Fast jede Generation bekommt ihren eigenen Dracula, und in den 70er-Jahren gab es gleich einen ganzen Haufen. Den wohl letzten Auftritt des Jahrzehnts sollte Frank Langella in John Badhams DRACULA haben. Dass der Stoff auf Bram Stokers Roman aus dem Jahre 1897 basiert, dürfte klar sein, jedoch orientierte sich Badham mehr an dem Bühnenstück von Hamilton Deane und John L. Balderston, auf dem auch Tod Brownings DRACULA (1931) basiert. 

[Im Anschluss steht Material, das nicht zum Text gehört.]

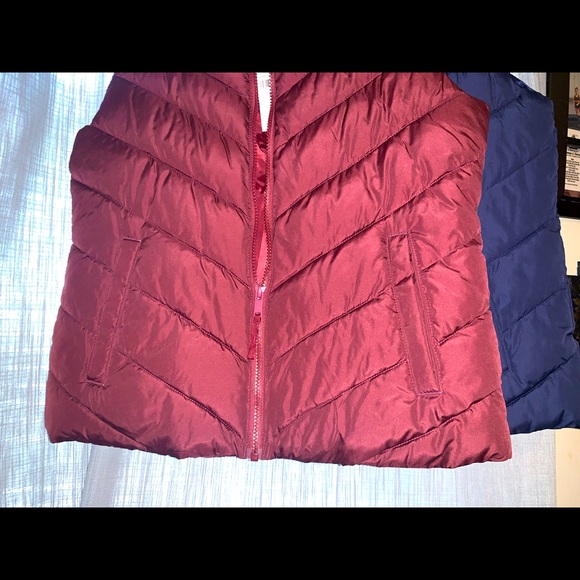 NEW Gap Vest -Small (maroon) - Picture 3 of 3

Was als erstes auffällt, ist das Weglassen des Besuches von Jonathan Harker auf Draculas Schloss. Badhams Version startet mit der Fahrt der Demeter, auf der sich Dracula als Wolf transformiert und die Besatzung tötet. Das spart Zeit und Geld, und ich habe den Part nicht vermisst, weil es ihn zu diesem Zeitpunkt bereits oft genug gegeben hat. Die Finsternis von Transylvanien errichtet Bedham in England, wo es regnet, Gewitter aufziehen und der Nebel durch die Wälder wabert. Von der ersten bis zur letzten Minute liegt hier eine düstere, unheilvolle Atmosphäre über den Bildern, die von Gilbert Taylor meisterlich fotografiert wurden. Visuell ist DRACULA eine absolute Augenweide. Alles wurde fein aufeinander abgestimmt, zusammen mit dem eleganten Score von John Williams. Der Film sieht edel aus, obwohl er stets einen morbiden Charme besitzt, und das liegt vor allem an Frank Langellas wundersamer Darstellung als Graf Dracula. Langella spielt ihn mit einer leidenschaftlichen Ruhe, die nicht nur auf die Figuren im Film eine hypnotische Wirkung hat, sondern im besten Fall auch auf den Zuschauer. Seine Gesichtszüge sind geheimnisvoll und sein ganzes Auftreten ist charmant und anziehend. Ihm Gegenüber stehen Laurence Olivier als Van Helsing, Donald Pleasence als Dr. Seward, Trevor Eve als Jonathan Harker, Tony Haygarth als Renfield und Kate Nelligan und Jan Francis als Lucy und Mina. Die Besetzung ist insgesamt sehr gut und jederzeit glaubwürdig. Neben Langella sind es aber vor allem Olivier und Pleasence, die hier dominieren, um den Schrecken zu bekämpfen, der sich langsam ausbreitet und aus Carfax Abbey zu stammen scheint, jenem alten Gemäuer, was Jonathan Harker für Graf Dracula auserkoren hat. Die Kulisse von Carfax Abbey stellt ein weiteres Highlight dar, in dem Langella bestens aufgehoben ist. Badham liefert viel Gruselatmosphäre und ein paar garstige Momente, aber er nimmt sich auch viel Zeit für die Figuren und denkt auch an die romantischen bis erotischen Aspekte der Geschichte. 

Auch wenn es über viele Jahre verteilt ein paar Anläufe bauchte, ist für mich Badhams DRACULA mittlerweile sehr weit oben angesiedelt und funktioniert für mich am besten in der Cinema Edition, die den Film mit den Originalfarben darstellt wie einst im Kino.